### WHAT YOU SHOULD DO
Leaving pictures out, repeat word for word the line that has "Attractive Vintage 1980s" and each line that follows it to the end of the listing.

───── INFORMATION SHOWN

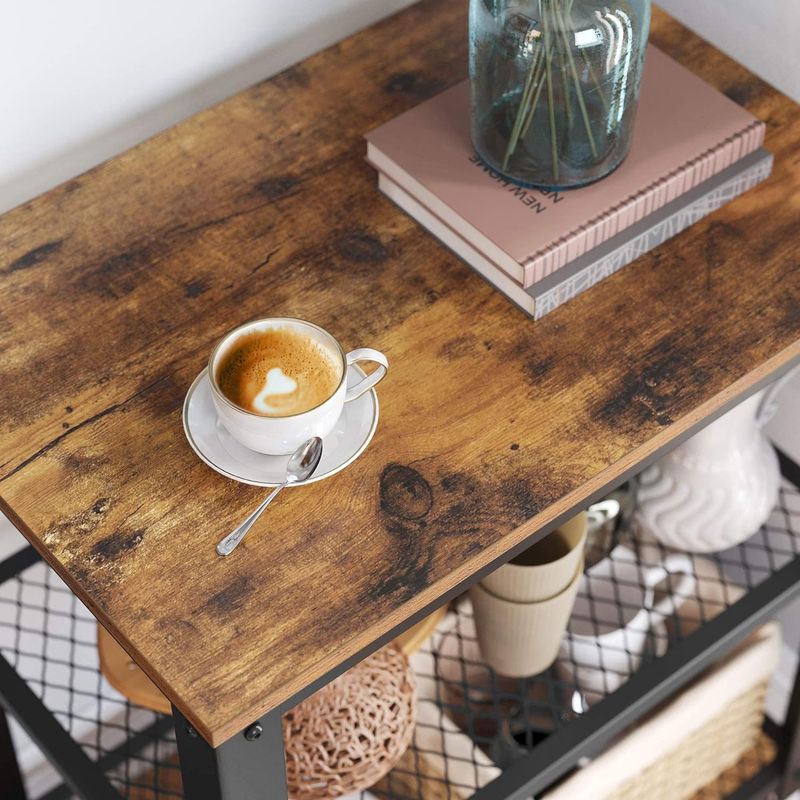 Casa si Gradina - Mobilier - Comode si corpuri - Corpuri bucatarie - Carucior de servire pe roti, cu polite, pentru bucatarie, 40x60x77cm, industrial, maro rustic - Infinity.ro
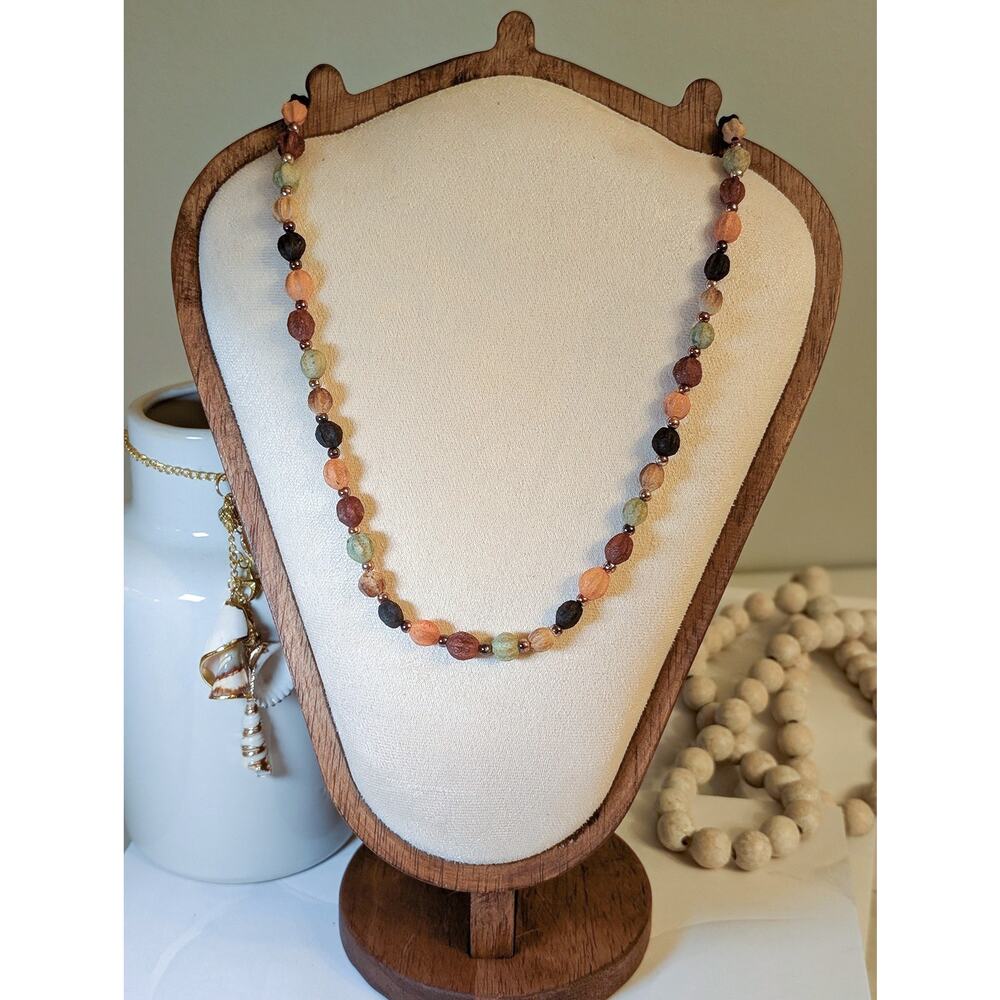Attractive Vintage 1980s 32" Bohemian Style Earth-Tone Wood Beaded Necklace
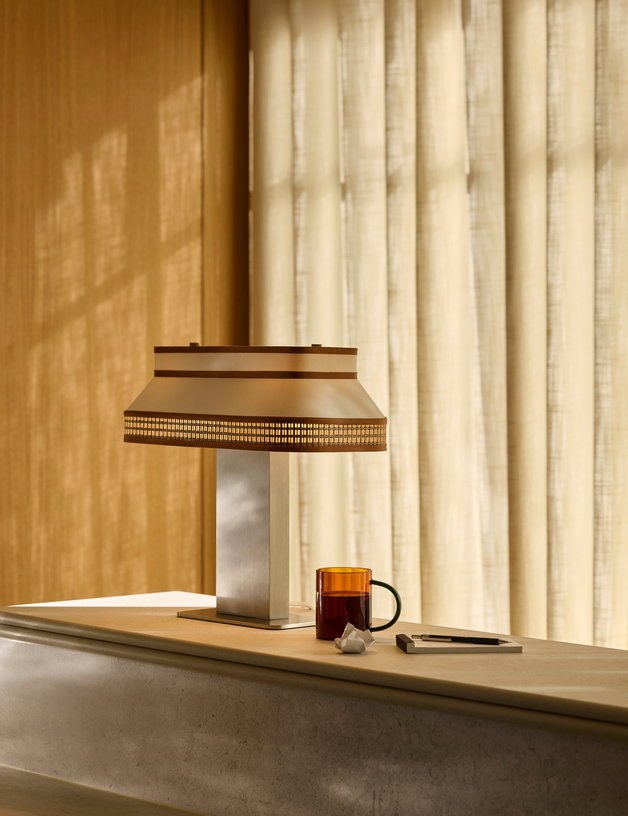 Lampe en coton et papier beige crème Square - Market Set - The Cool Republic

──────────

### ANSWER SECTION
Attractive Vintage 1980s 32" Bohemian Style Earth-Tone Wood Beaded Necklace
 Lampe en coton et papier beige crème Square - Market Set - The Cool Republic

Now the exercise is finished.